How do you taylor expand the function $F(x)={x\over \ln(x+1)}$ using standard results? (I know that WA offers the answer, but I want to know how to get it myself.) I know that $\ln(x+1)=x-{x^2\over 2}+{x^3\over 3}+…$ But I don't know how to take the reciprocal. In general, given a function $g(x)$ with a known Taylor series, how might I find $(g(x))^n$, for some $n\in \mathbb Q$?

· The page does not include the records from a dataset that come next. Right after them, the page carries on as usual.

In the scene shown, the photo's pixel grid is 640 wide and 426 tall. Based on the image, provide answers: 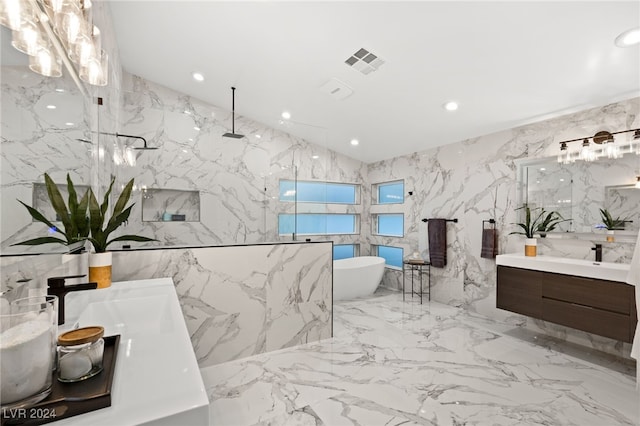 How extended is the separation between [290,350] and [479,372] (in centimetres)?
164

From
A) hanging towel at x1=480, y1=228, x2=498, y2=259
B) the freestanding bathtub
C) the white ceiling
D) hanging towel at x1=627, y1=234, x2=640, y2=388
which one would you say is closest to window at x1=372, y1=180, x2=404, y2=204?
the freestanding bathtub

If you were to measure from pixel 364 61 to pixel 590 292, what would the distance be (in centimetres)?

Also, how might I evaluate expressions like $\ln(1+g(x))$ where I know the Taylor expansion of $g(x)$ (and $\ln x$). How do I combine them?
Thank you.
Best Answer
You have
$$F(x)=\frac{x}{\sum_{n\ge 1}\frac{(-1)^{n+1}}nx^n}=\frac1{\sum_{n\ge 0}{\frac{(-1)^n}{n+1}}x^n}=\frac1{1-\frac{x}2+\frac{x^2}3-+\dots}\;.$$
Suppose that $F(x)=\sum\limits_{n\ge 0}a_nx^n$; then you want
$$1=\left(1-\frac{x}2+\frac{x^2}3-+\dots\right)\left(a_0+a_1x+a_2x^2+\dots\right)\;.$$
Multiply out and equate coefficients:
$$\begin{align*} 1&=a_0\,;\\ 0&=a_1-\frac{a_0}2=a_1-\frac12,\text{ so }a_1=\frac12\,;\\ 0&=a_2-\frac{a_1}2+\frac{a_0}3=a_2-\frac14+\frac13=a_2+\frac1{12},\text{ so }a_2=-\frac1{12}\,; \end{align*}$$
and so on. In general $$a_n=\frac{a_{n-1}}2-\frac{a_{n-2}}3+\dots+(-1)^{n+1}\frac{a_0}{n+1}$$ for $n>0$, so
$$\begin{align*}&a_3=-\frac1{24}-\frac16+\frac14=\frac1{24}\;,\\ &a_4=\frac1{48}+\frac1{36}+\frac18-\frac15=-\frac{19}{720}\;,\\ &a_5=-\frac{19}{1440}-\frac1{72}+\frac1{48}-\frac1{10}+\frac16=\frac{29}{480}\;, \end{align*}$$
and if there’s a pattern, it isn’t an obvious one, but you can get as good an approximation as you want in relatively straightforward fashion;
$$F(x)=1+\frac{x}2-\frac{x^2}{12}+\frac{x^3}{24}-\frac{17x^4}{720}+\frac{29x^5}{480}+\dots$$
already gives two or three decimal places over much of the interval of convergence.